Caption-style text data:

___

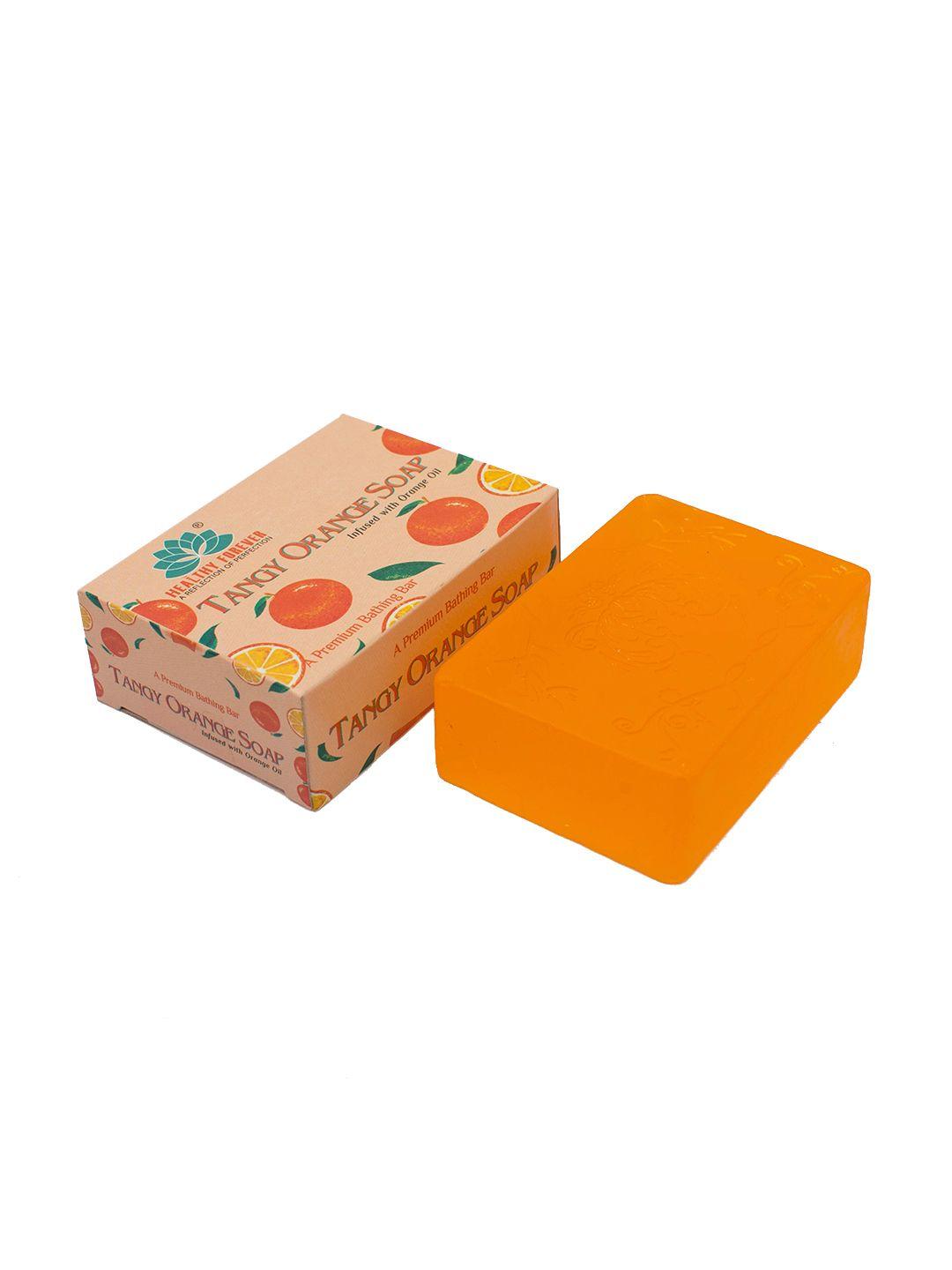 healthy forever pure tangy orange soap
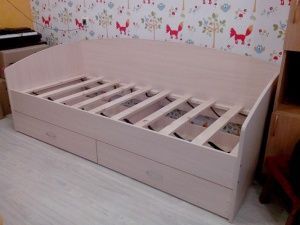 Кровать Соло-софа 1 с ящиками в Надыме - nadym.ok-mebel.com | фото 2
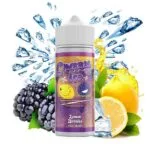 Φιάλη Crazy Ice Lemon Berries flavor shot 120ml με γεύση λεμόνι, μούρα, παγωμένη και δροσιστική παγωμένη νότα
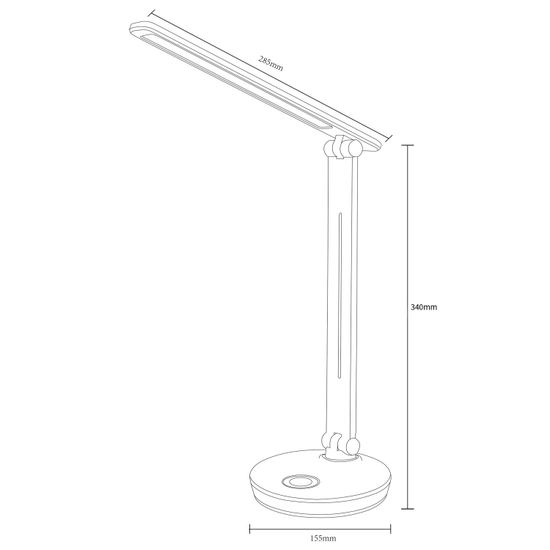 00623-0.7-01 BK светильник настольный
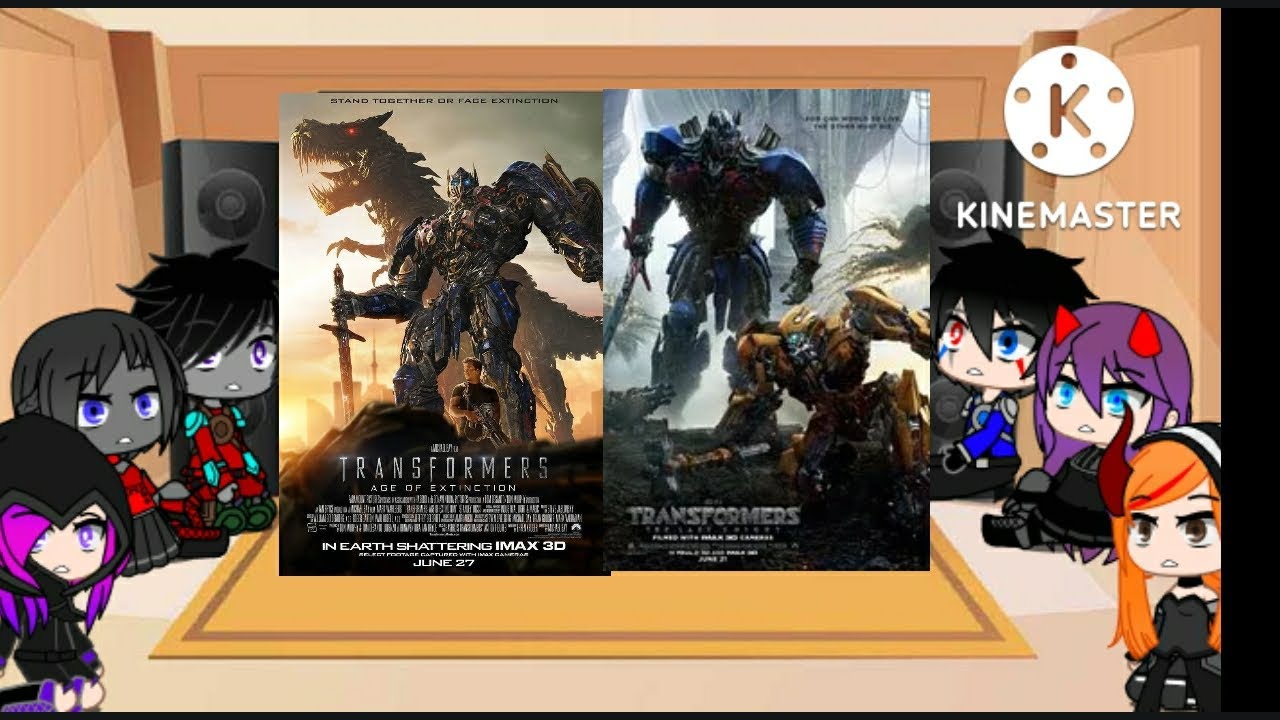 Rainimator friend's react to Transformers: AOE And TLK Full Version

___

**WHAT YOU SHOULD DO:**
Leave out the pictures and set down all of the data exactly.

**TASK RESULT:**
 healthy forever pure tangy orange soap
 Кровать Соло-софа 1 с ящиками в Надыме - nadym.ok-mebel.com | фото 2
 Φιάλη Crazy Ice Lemon Berries flavor shot 120ml με γεύση λεμόνι, μούρα, παγωμένη και δροσιστική παγωμένη νότα
 00623-0.7-01 BK светильник настольный
 Rainimator friend's react to Transformers: AOE And TLK Full Version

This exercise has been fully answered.